Data_Sheet_1_Influence of Dominance and Drift on Lethal Mutations in Human Populations.PDF

We consider disease-causing mutations that are lethal when homozygous. Lethality involves the very strongest form of negative selection, with the selection coefficient against the disease-carrying homozygote having its maximum value of unity. We determine results for the behavior of the frequency of a lethal allele in an effectively infinite population. This includes an estimate of the time it takes to achieve equilibrium, and a description of transient behavior associated with a sudden change in the fitness of the heterozygote. We determine analogous results for a finite population, showing that a lethal disease-causing allele needs to be described by a modified Wright-Fisher model, which deviates from the standard model, where selection coefficients are assumed small compared with 1. We show that a by-product of the dynamics, resulting from the absence of the disease-allele carrying homozygote in adults, is the general constraint that the frequency of the disease-causing allele cannot exceed 12. The results presented in this work should prove useful to a number of areas including analysis of lethal/near lethal mutations in Mendelian disorders and, in particular, for exploring how mutation-selection-drift balance explains the current spectrum of mutation frequencies in humans. While the number of empirical examples of overdominance in lethal genetic disorders is not large, relatively high observed heterozygote frequencies may be a hint of transient heterozygous advantage in nature. For lethal disorders with anomalous frequencies, such as cystic fibrosis and Tay-Sachs, our analysis lends further support to the role that transitory episodes of weak overdominance may play in the evolution of lethal mutations.

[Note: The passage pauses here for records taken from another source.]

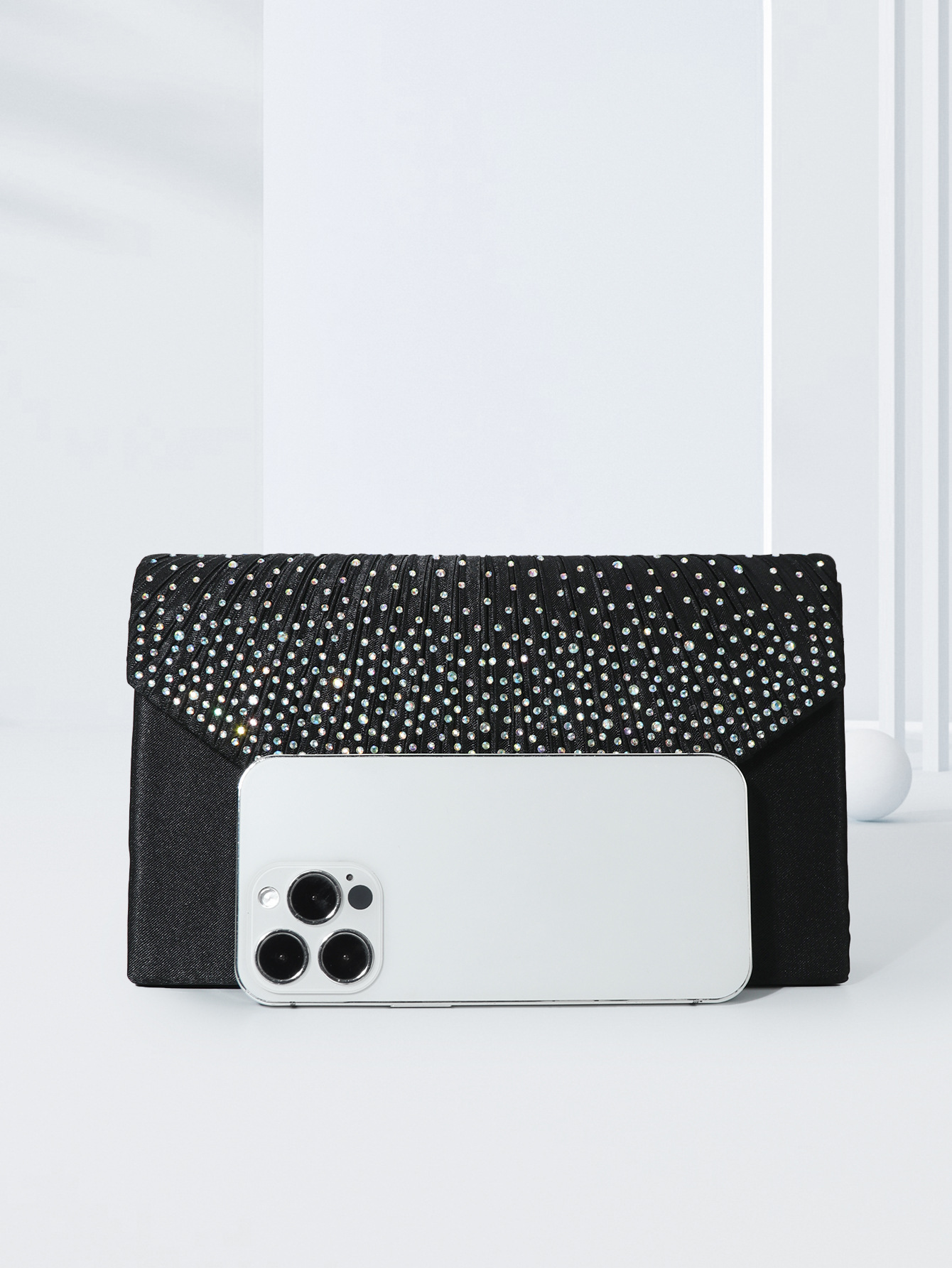 Women's One-shoulder Dinner Bag Graduation Party Wedding Dress Bag Fashion Party Bridesmaid Flip Flip Diamond Black clutch bag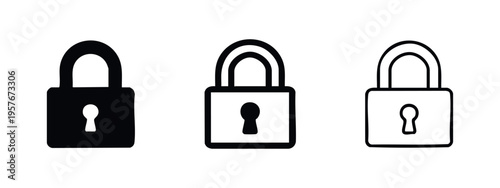 Security padlock icons with rounded keyhole, lock and privacy vector symbols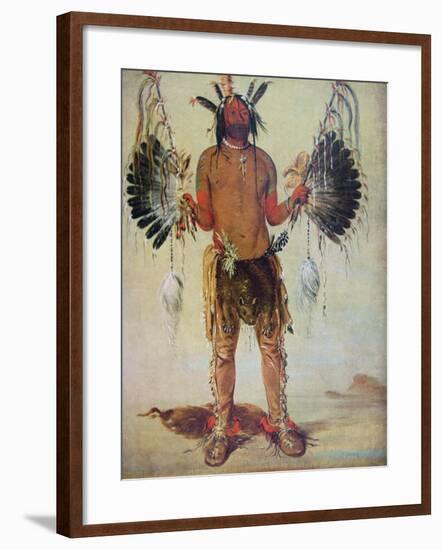 Old Bear Medicine Man of the Mandan Tribe, from a Painting of 1832-George Catlin-Framed Giclee Print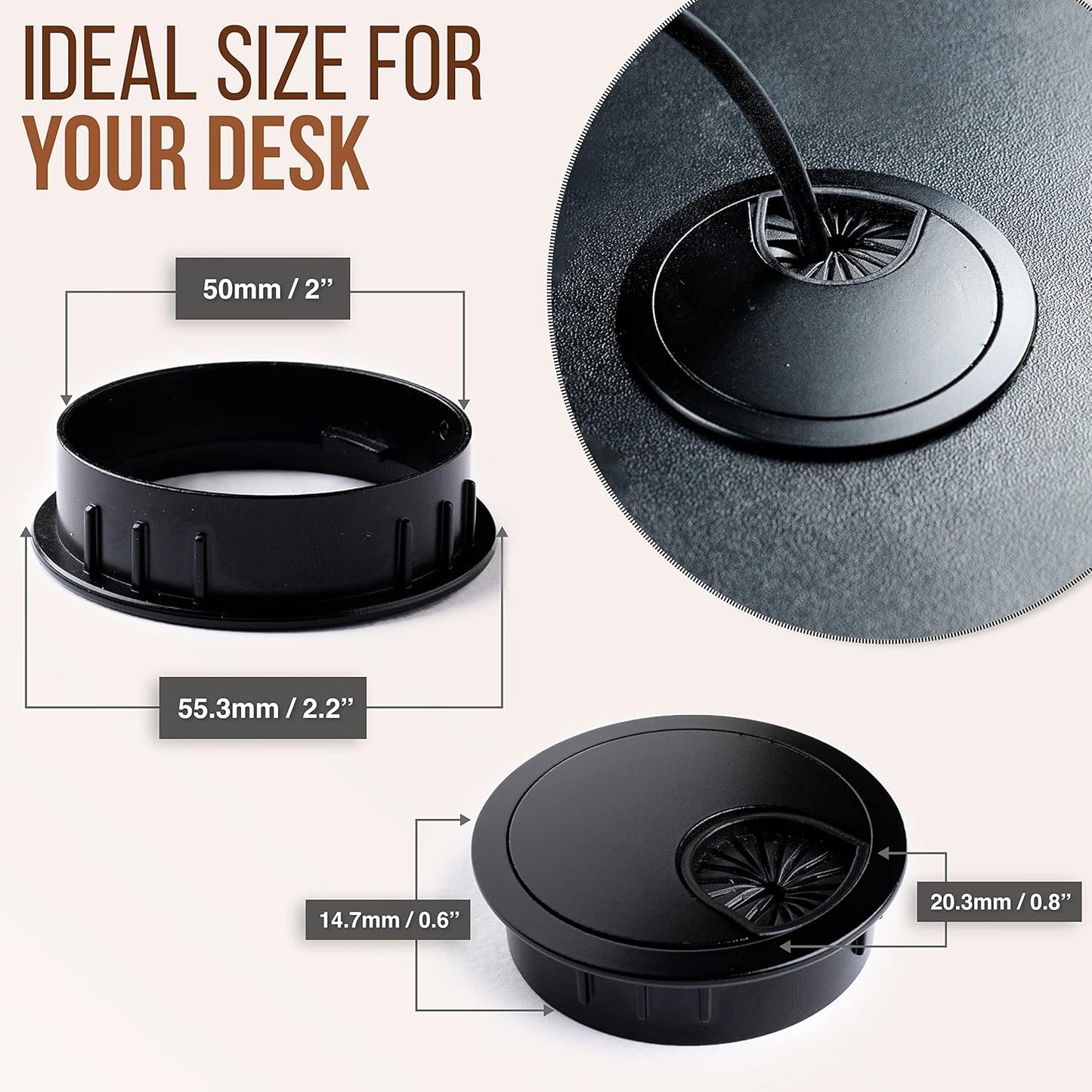 MAHDPRO Metal Desk Grommet 2 Inch (50 mm) Pack of 2-Flat Black Zinc Alloy Metallic Desk Cord Hole Cover to Arrange Cables & Wires Through Computer Table/Countertops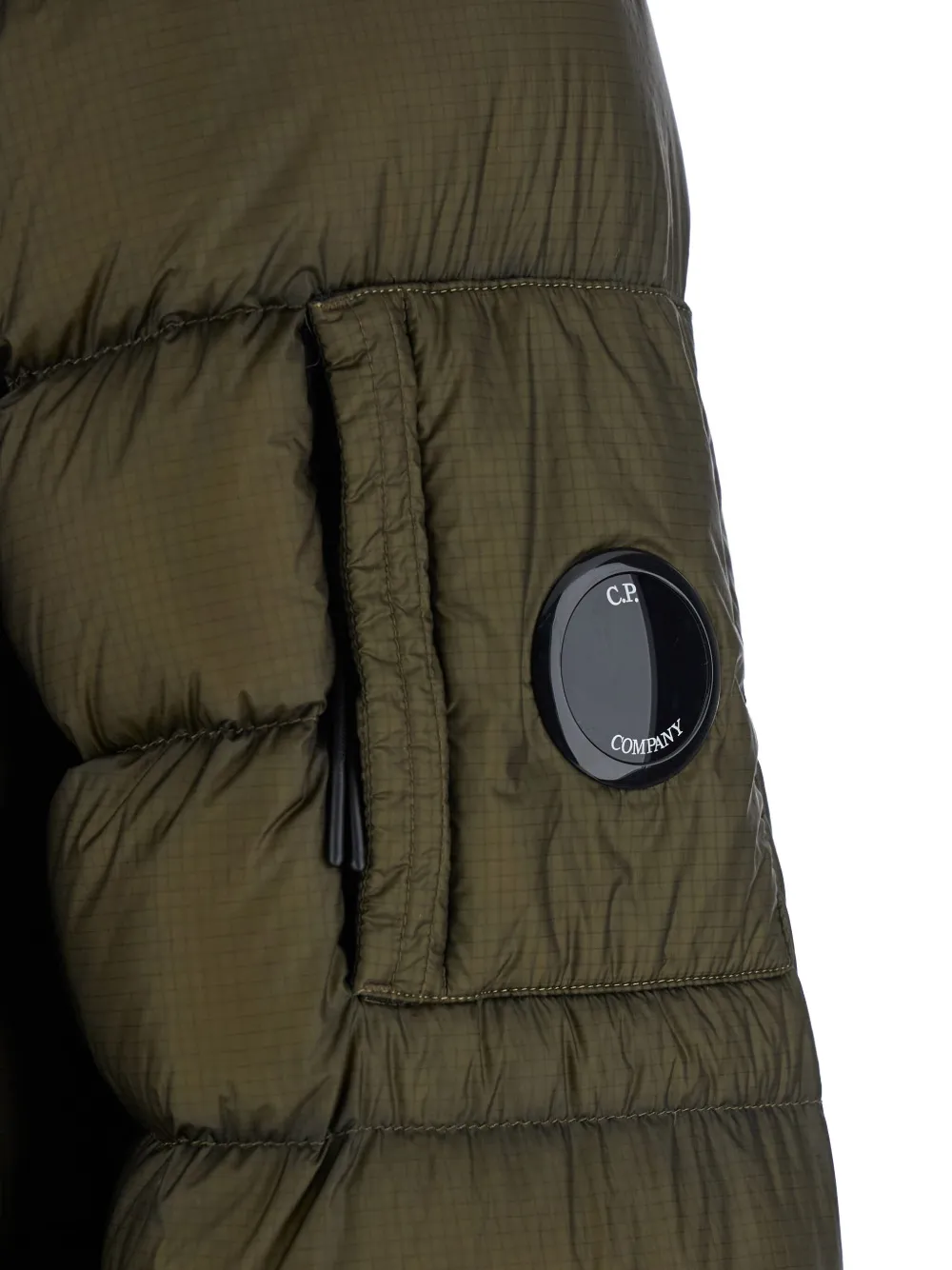 C.p. Company Men Green Down Jacket With Fixed Hood And Goggle Detail In Tech Fabric Man In Green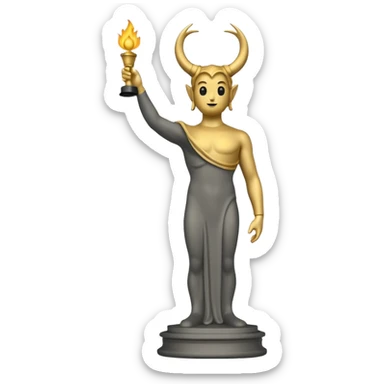 Minimalist emoji-style sticker of a full-body Oscar-like statue in matte gray-gold, with small horns  and faint flames at the base, all in black and muted hues sticker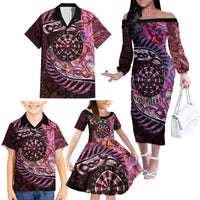New Zealand Darts Personalised Family Matching Off The Shoulder Long Sleeve Dress and Hawaiian Shirt Aotearoa Silver Fern Pink Papua Shell Spirit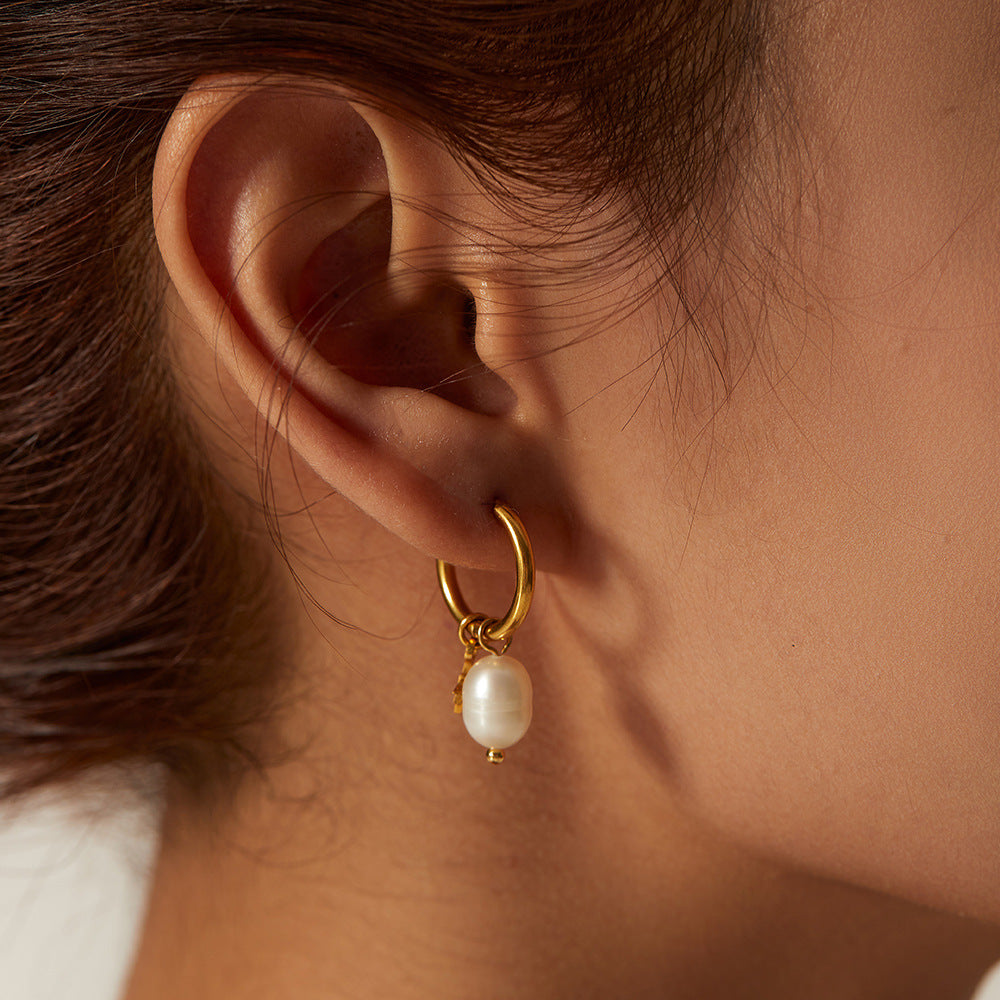 Freshwater Pearl Star Drop Earrings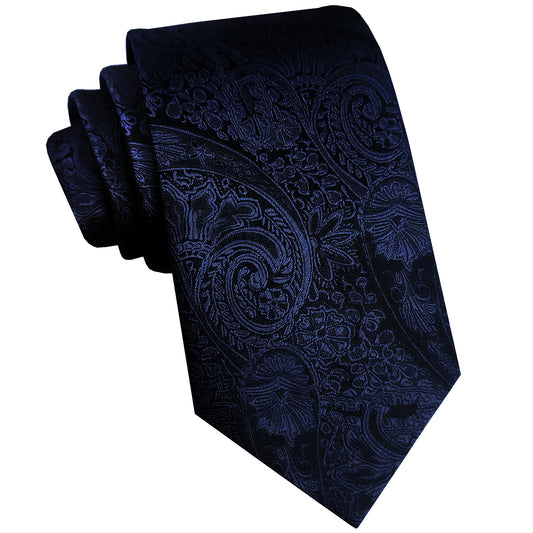 Mens Navy Blue and Black Paisley Slim Tie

本研究聚焦于研究那些纯合状态下致病的突变，此类突变涉及极为强烈的负选择，对携带疾病纯合子的选择系数达到最大值一。我们探讨了在有效无限种群中，致死等位基因频率的行为，包括达到平衡状态所需时间的估算以及与杂合子适应度突然变化相关的瞬时行为的描述。对于有限种群，我们得出类似的结果，表明致死疾病致病的等位基因需要通过改进的Wright-Fisher模型进行描述，该模型与标准模型不同，其中选择系数相对于一被认为是小的。我们展示了动力学过程中的一个副产品，即由于成年个体中不存在携带疾病等位基因的纯合子，导致对疾病致因等位基因频率的一般限制，即其频率不能超过12。本研究呈现的结果应被证明对多个领域具有实用性，包括孟德尔遗传病中致死/近致死突变的分析，特别是探索突变-选择-漂变平衡如何解释人类当前突变频率谱。尽管在致死遗传疾病中过度显性（overdominance）的实证例子数量不多，但相对较高的观察到的杂合子频率可能是自然界中瞬时杂合子优势的暗示。对于具有异常频率的致死疾病，如囊性纤维化和泰-萨克斯病，我们的分析进一步支持了过渡期弱过度显性可能在致死突变进化中发挥的作用。